Goal of the exercise: Each record below should be set down exactly.

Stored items
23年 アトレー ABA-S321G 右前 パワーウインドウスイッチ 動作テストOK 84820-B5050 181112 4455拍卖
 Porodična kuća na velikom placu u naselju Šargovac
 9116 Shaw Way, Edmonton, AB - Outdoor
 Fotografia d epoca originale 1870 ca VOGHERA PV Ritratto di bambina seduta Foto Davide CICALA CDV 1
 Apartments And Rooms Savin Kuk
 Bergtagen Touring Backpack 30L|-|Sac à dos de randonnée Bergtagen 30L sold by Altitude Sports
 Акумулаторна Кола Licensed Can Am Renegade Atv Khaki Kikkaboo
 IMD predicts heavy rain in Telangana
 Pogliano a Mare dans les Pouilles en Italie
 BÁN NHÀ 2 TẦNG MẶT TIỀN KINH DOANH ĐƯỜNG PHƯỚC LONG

Exercise output:
23年 アトレー ABA-S321G 右前 パワーウインドウスイッチ 動作テストOK 84820-B5050 181112 4455拍卖
 Porodična kuća na velikom placu u naselju Šargovac
 9116 Shaw Way, Edmonton, AB - Outdoor
 Fotografia d epoca originale 1870 ca VOGHERA PV Ritratto di bambina seduta Foto Davide CICALA CDV 1
 Apartments And Rooms Savin Kuk
 Bergtagen Touring Backpack 30L|-|Sac à dos de randonnée Bergtagen 30L sold by Altitude Sports
 Акумулаторна Кола Licensed Can Am Renegade Atv Khaki Kikkaboo
 IMD predicts heavy rain in Telangana
 Pogliano a Mare dans les Pouilles en Italie
 BÁN NHÀ 2 TẦNG MẶT TIỀN KINH DOANH ĐƯỜNG PHƯỚC LONG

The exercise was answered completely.